We also saw the Trib reinforce its endorsements for Charlie Gerdes, Steve Kornell, and Will Newton, despite the fact that it doesn't agree with the stadium stances taken by Kornell and Newton. (The Times endorsed both of their opponents based solely on the stadium issue)
ALSO READ: In trying to advance their interests, newspapers may do opposite with endorsements
But the most interesting article of the weekend was from Chris O'Donnell in the pages of the Trib: Who benefits if Rays leave town?
One thing we know for sure is the beneficiaries would not include the St. Pete businesses that enjoy the crowds from 81 home games a year; none more than Ferg's Sports Bar, whose owner told the Trib he'd lose $2 million per year if the Rays leave St. Pete, forcing him to lay off 40% of his employees.

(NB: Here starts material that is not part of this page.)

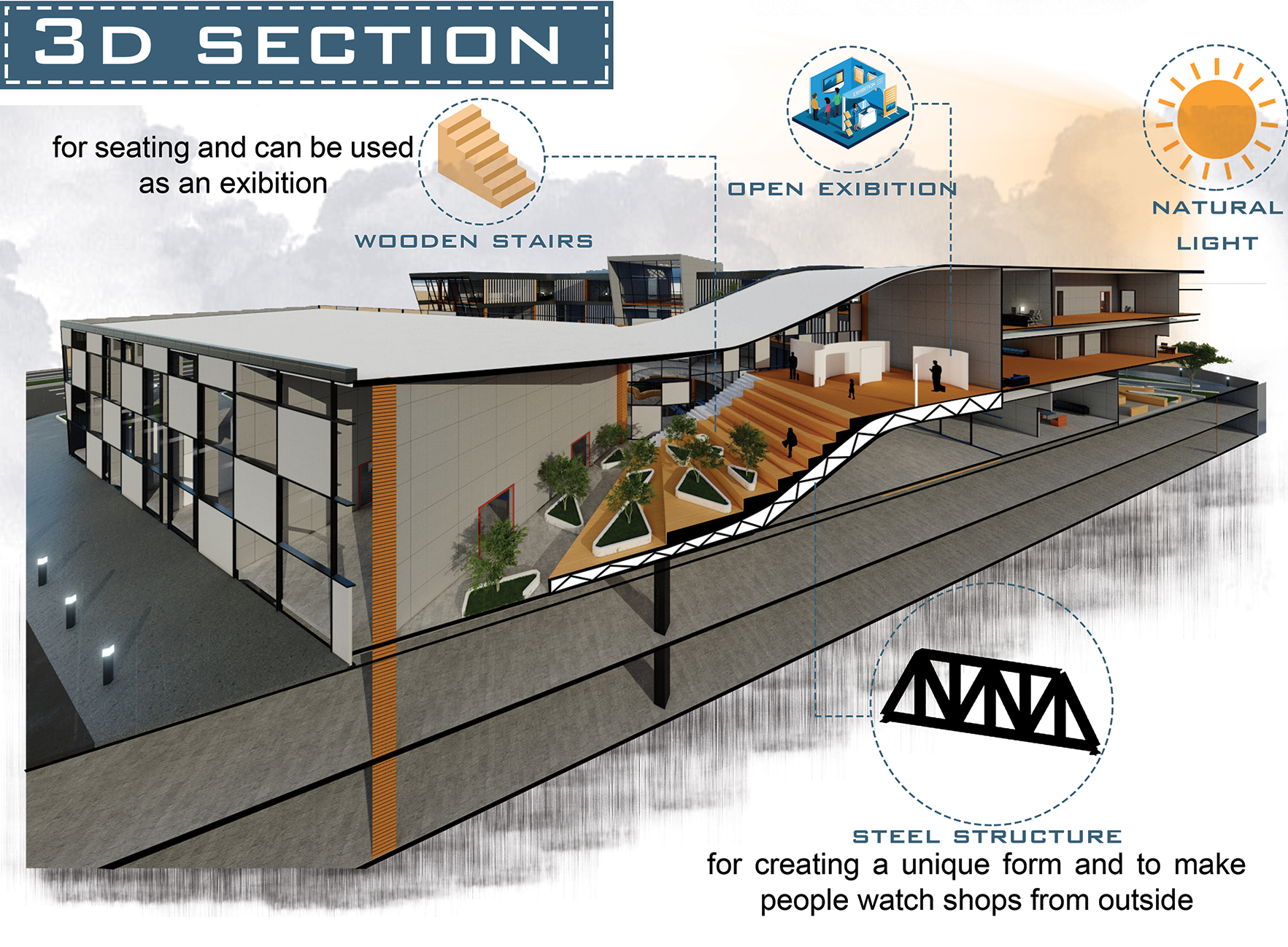 社区站丨埃及开罗丨开罗大学建筑系-25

But across St. Pete as a whole, O'Donnell writes there could be little financial loss from a Rays departure since residents and visitors might be just as likely to spend their available discretionary income on other entertainment in the city.
"Most sports economists explain this as a consequence of substitute spending," O'Donnell wrote. "Money spent by fans at bars and restaurants around a stadium likely would have been spent going to movies or other restaurants anyway."
So while some businesses would lose, others might win. Sadly for the businesses that lose, they'd not likely see any direct revenues from a Rays payoff to St. Pete:
When other cities have lost professional sports franchises, they did little for surrounding businesses.
Seattle was paid a $45 million settlement by the Sonics in 2008 so the team could move to Oklahoma City. Most of the money — about $34 million — was used to pay off outstanding construction loans on the KeyArena. The city also used $2.8 million to pay legal bills for the litigation and about $6 million for capital improvement projects at the KeyArena and surrounding Seattle Center.
Pontiac, Michigan, received a settlement of $26 million in 2001 after suing the Detroit Lions for breaking their Silverdome lease. The money went into the city’s general fund.
Paying to demolish the Trop likely would be the first priority for the city since the center has required an average yearly subsidy of $1.4 million.
It may also have to pay for new roads, sidewalks and other infrastructure to configure the stadium site and its enormous parking lot into an area suitable for development.
That may not be cheap. Tampa this year agreed for one of its community redevelopment agencies to pay $30 million to modernize infrastructure at a much smaller site around Amalie Arena as preparation for Tampa Bay Lightning owner Jeff Vinik’s proposed $2 billion redevelopment project.